Fremantle Arts Centre: Contemporary Programming in a Historical Site
The talk will give a portrait of the way in which FAC as an organisation has infused the complex and rich history of the site, and the building itself, with its substantial and varied arts program. This will include a history of the work of the Arts Centre as a cultural and community hub since 1974, and will include several examples of programs which have sought to bring contemporary artistic voices to bear on the nature of the space itself. The talk will also mount a discussion on the challenges of maintaining and restoring a heritage-listed building (original restoration) and the way that the ‘shadow’ of the building enriches the cultural programs that take place therein. Though the story of the lunatic asylum is well known, FAC’s forty-three year history as a place for families, art, learning and community has become as iconic and important a part of the building’s character and role in the local and wider community.
Sheridan Coleman is a practising artist and freelance arts writer from Perth, W.A. She recently graduated from a PhD course in fine art supported by APA and CUPSA at Curtin University. Her practice is dedicated to the study of landscape art traditions and their future in a world which is largely materially known, constantly photographed and has been translated (almost) in full into interactive, online, satellite-photographed maps.

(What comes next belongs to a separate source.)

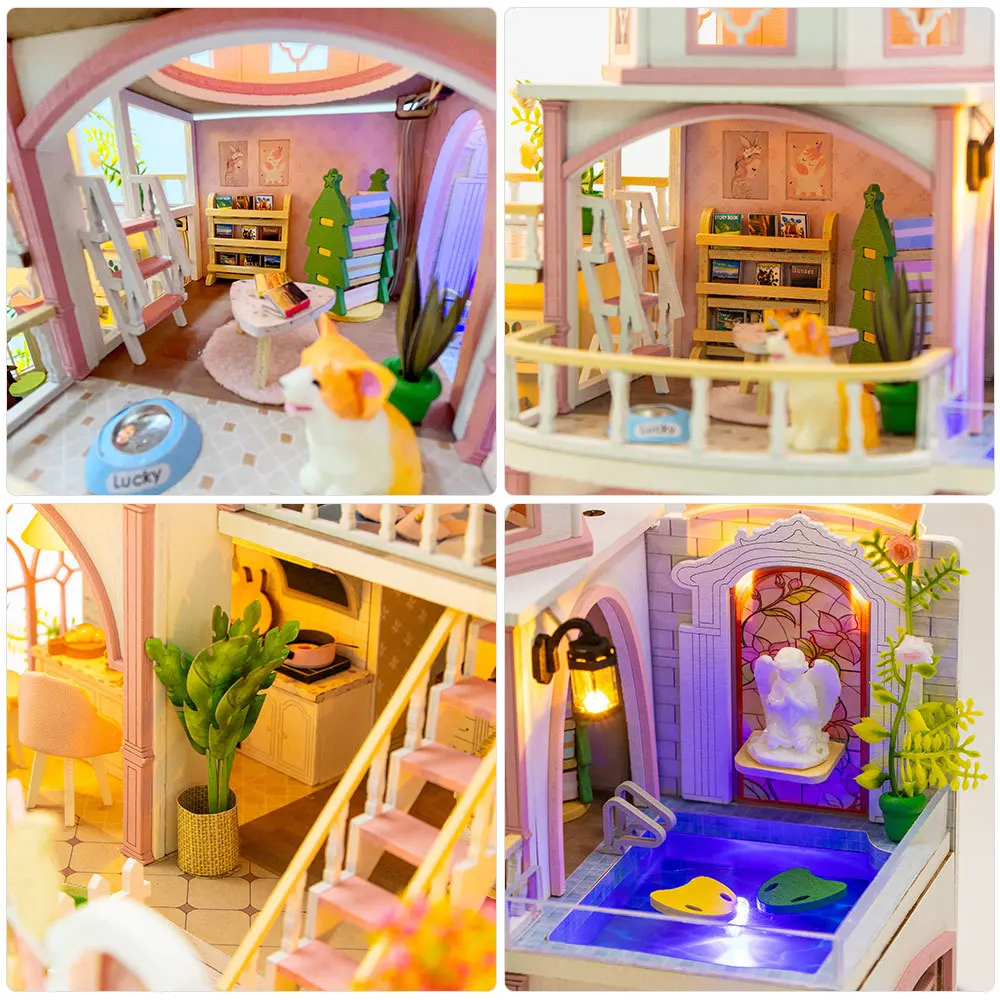 مجموعة قلعة الأحلام الجديدة التي يمكنك صنعها بنفسك - لعبة منزل مصغرة مجمعة يدويًا، نموذج ألغاز مزخرف هدية لعشاق الحرف اليدوية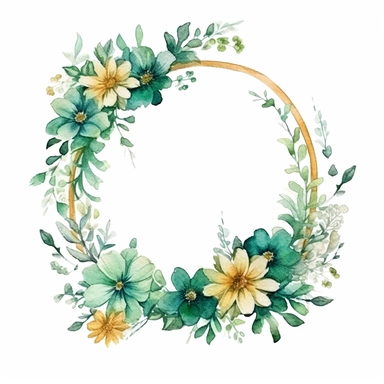watercolor clipart of a empty suttle dainty floral oval frame surrounded by gold color flowers and emerald green flowers. Capture the essence of blooming beauty and intricate details in your artwork, white background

Four decades of Fremantle Press
Dorothy Hewett, Randolph Stow, Elizabeth Jolley, Gail Jones, Brenda Walker, Craig Silvey, Robert Drewe, Joan London, John Kinsella, Liz Byrski, Philippa Nikulinsky, Kate McCaffrey, Norman Jorgensen, Tim Winton, Alan Carter, Dave Warner – think of almost any well-known Western Australian author and you’ll find that Fremantle Press has published them at some point in their careers – and usually at the very beginning when they were completely unknown and had only their talent to make them attractive publishing prospects. Fremantle Press was established more than 40 years ago to serve the Western Australian community by publishing the stories from this state. This will be an intimate and inspiring behind-the-scenes look at a working publishing house.

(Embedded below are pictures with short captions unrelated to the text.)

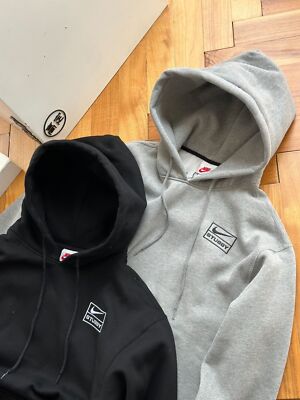 see description size S-XL Nike Stussy logo embroidered padded sweatshirt hoodie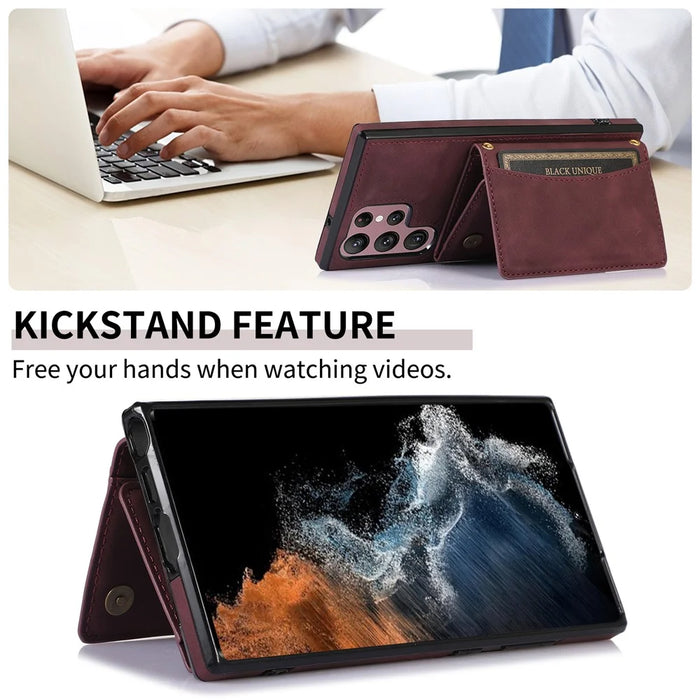 For Samsung Galaxy S24 Ultra Cell Phone Case Tri-fold Wallet Kickstand PU Leather Coated TPU Cover - Wine Red - 4
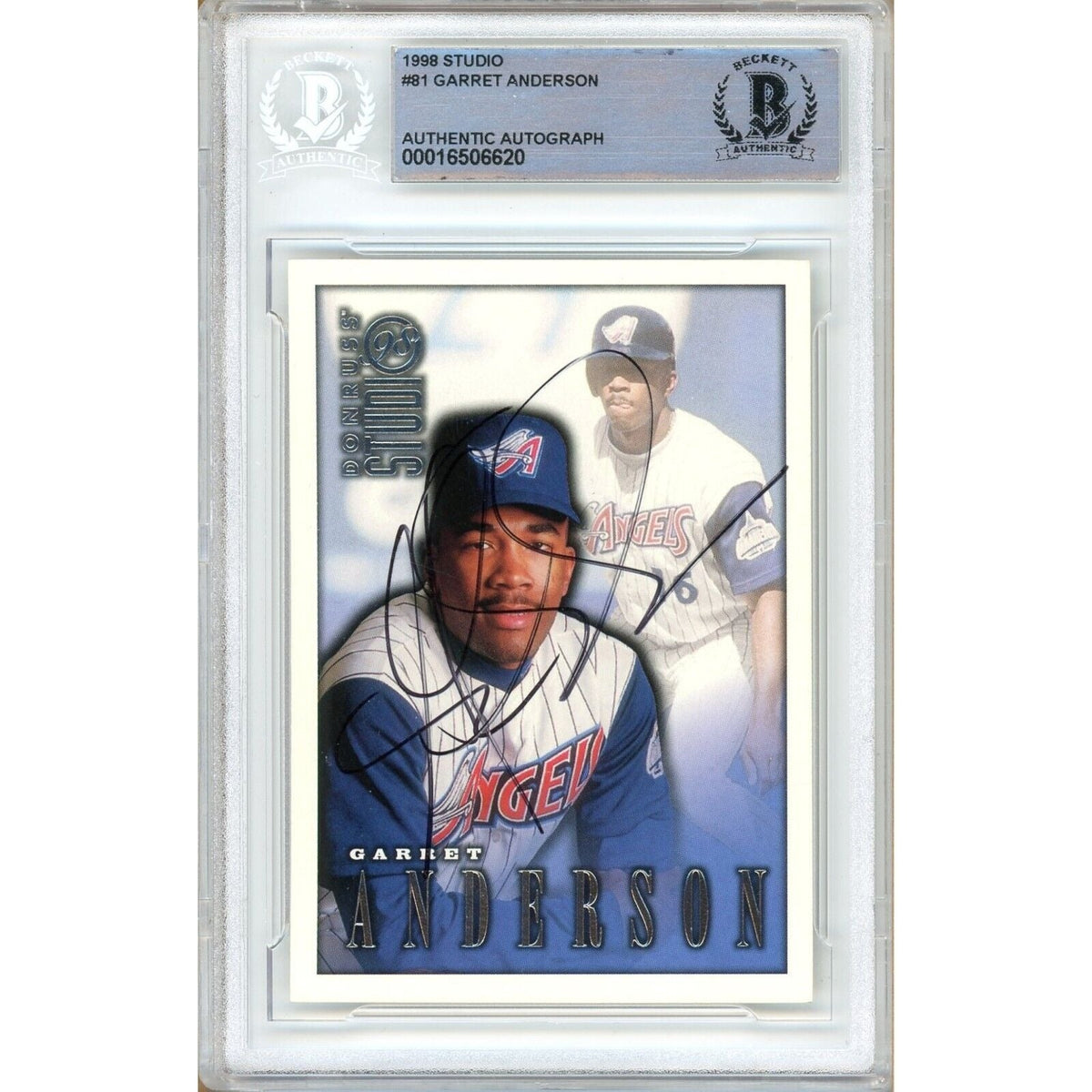 Garret Anderson Donruss Studio Autographed Trading Card Beckett BAS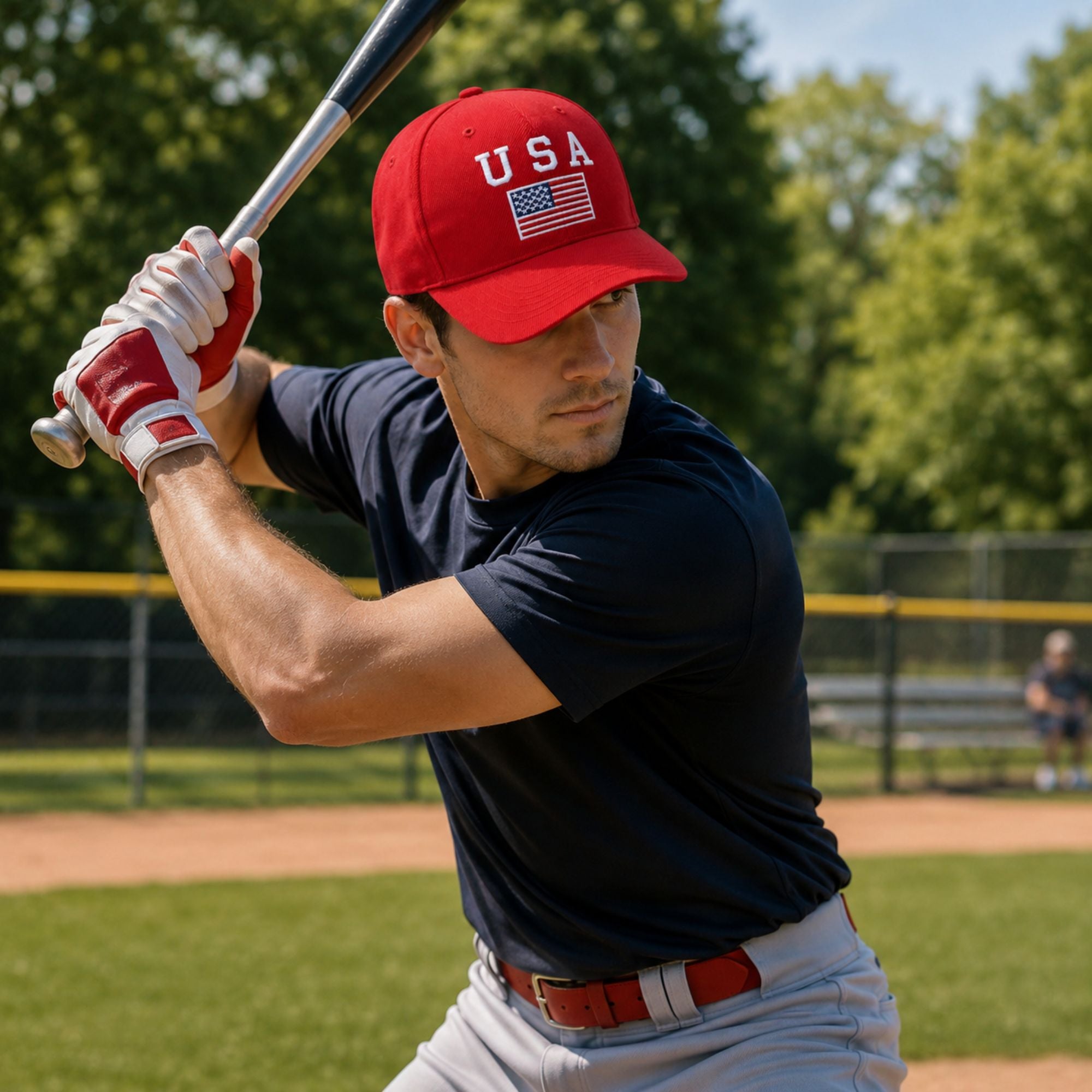 Classic Adjustable USA Embroidered Cotton Baseball Cap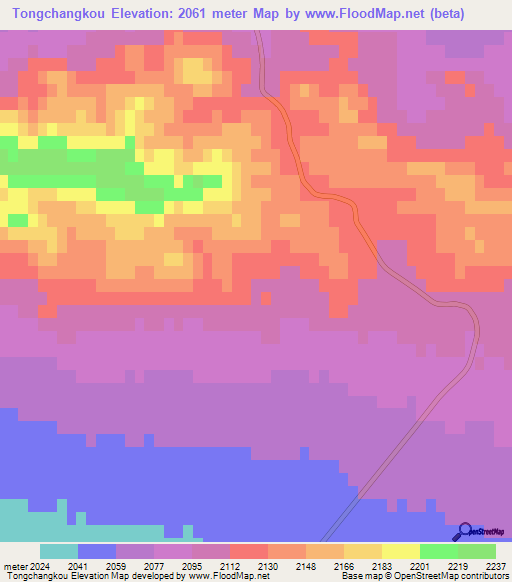 Tongchangkou,China Elevation Map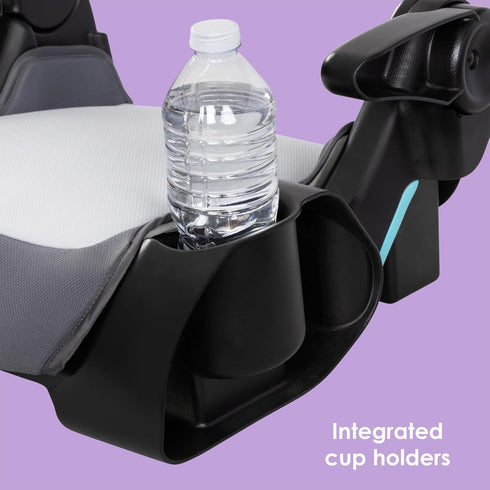 Baby Trend Protect Slim Backless Booster Seat, Madrid Grey Slim Lightweight Design, Belt-Positioning Support, Dual Cup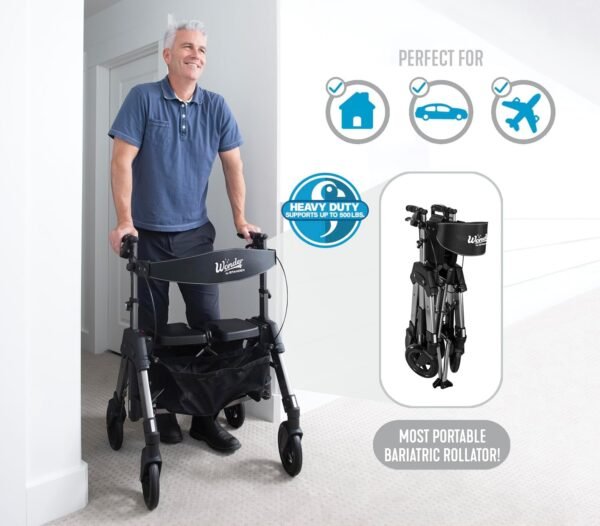 stander wander bariatric rollator-bariatric rollator-stamder wander rollator hd-heavy duty rollator-folding rollator for seniors elderly-stander-wander-hd-rollator-bariatric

Jane Fraser is CEO and sales and rights manager at Fremantle Press. She began her career in educational publishing in Sydney. She has worked as an international co-editions publisher, in tertiary publishing, corporate marketing and communications and as a non-fiction publisher.
The City of Fremantle Symphony Orchestra: A History
Natasha Milosevic Meston
Since 1993, the historic Fremantle Town Hall has served as the primary venue for Perth’s most long-established community ensemble: The City of Fremantle Symphony Orchestra. The FSO brings classical music performance home to Fremantle and has proven itself to be a vital contributor to its artistic and cultural landscape, boasting an annual program of four concerts in addition to auxiliary performances held in conjunction with seasonal events. For its audience, the FSO is a way for locals to support their friends and family, or recognise and enjoy the musical talent of their community. For its regular membership of approximately sixty musicians, this ensemble means a chance to play and perform the often strenuous but always enjoyable works of musical geniuses alongside the commitments of fulltime work and family demands. In short, the FSO provides a chance for socialisation, connection, and support between diverse members of the community, and is particularly dedicated to the promotion and enjoyment of classical music as part of the cultural community landscape of Perth. This paper addresses the orchestra’s attempts to achieve their many aims, and outlines the long history and significant impact of the ensemble.
Natasha Milosevic Meston
Natasha Milosevic Meston completed her undergraduate degree in History at the University of Western Australia in 2016. Her honours thesis, completed under Dr Chantal Bourgault du Coudray, is due to be published in History Australia in 2018 and concerns the fields of gender, biography and war. She currently works within the Royal West Australian Historical Society and as a commissioned historian.